[Data to process — start]
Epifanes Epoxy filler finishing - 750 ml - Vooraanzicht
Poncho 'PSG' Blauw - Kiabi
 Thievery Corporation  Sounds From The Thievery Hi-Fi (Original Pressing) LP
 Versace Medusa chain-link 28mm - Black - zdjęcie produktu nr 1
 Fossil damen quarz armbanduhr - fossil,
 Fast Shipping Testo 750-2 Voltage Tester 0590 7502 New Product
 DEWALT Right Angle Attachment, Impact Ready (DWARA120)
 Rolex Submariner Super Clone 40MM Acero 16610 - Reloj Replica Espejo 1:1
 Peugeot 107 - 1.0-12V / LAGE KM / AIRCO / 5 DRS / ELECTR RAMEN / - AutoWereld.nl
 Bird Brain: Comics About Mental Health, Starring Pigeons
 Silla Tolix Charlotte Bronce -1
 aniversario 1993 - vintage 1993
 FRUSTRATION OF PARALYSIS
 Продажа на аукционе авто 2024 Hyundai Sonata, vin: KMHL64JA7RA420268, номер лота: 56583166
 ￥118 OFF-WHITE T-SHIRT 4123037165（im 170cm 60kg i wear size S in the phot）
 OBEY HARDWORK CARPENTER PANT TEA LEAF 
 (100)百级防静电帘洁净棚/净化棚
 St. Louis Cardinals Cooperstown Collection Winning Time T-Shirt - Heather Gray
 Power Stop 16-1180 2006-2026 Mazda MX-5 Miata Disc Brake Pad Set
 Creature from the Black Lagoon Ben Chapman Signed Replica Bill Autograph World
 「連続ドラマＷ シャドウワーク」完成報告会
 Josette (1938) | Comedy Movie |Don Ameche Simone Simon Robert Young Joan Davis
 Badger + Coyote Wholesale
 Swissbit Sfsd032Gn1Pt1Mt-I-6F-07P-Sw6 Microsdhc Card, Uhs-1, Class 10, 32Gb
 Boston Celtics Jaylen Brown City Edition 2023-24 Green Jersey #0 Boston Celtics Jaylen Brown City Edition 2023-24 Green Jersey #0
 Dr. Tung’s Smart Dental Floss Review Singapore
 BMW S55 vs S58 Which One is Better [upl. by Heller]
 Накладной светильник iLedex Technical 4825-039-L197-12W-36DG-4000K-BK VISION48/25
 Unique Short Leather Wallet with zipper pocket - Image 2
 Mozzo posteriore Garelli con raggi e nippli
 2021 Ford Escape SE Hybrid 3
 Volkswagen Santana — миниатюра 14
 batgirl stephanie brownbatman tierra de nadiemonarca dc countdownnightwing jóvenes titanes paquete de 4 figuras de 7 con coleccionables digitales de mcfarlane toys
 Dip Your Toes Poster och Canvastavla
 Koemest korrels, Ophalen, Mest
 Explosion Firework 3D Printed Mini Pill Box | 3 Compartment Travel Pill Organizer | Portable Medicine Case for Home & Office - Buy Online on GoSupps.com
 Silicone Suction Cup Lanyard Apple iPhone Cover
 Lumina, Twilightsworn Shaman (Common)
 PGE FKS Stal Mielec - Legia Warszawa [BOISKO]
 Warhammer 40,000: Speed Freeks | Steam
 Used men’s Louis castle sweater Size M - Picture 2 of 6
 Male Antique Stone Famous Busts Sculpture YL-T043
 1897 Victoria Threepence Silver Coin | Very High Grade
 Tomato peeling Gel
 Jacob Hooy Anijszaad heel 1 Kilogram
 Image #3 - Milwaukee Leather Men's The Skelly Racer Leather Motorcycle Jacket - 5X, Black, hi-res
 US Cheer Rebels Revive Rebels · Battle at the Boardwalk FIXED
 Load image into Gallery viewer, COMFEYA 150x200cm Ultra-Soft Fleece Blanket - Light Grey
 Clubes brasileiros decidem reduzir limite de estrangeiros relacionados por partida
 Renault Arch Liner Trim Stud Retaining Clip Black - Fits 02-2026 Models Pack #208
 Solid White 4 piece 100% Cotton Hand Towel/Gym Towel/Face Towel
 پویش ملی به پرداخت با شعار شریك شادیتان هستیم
[Data to process — finish]
Return an exact copy of only the lines from the one with "Renault Arch Liner" through the end of the listing above, both included.

 Renault Arch Liner Trim Stud Retaining Clip Black - Fits 02-2026 Models Pack #208
 Solid White 4 piece 100% Cotton Hand Towel/Gym Towel/Face Towel
 پویش ملی به پرداخت با شعار شریك شادیتان هستیم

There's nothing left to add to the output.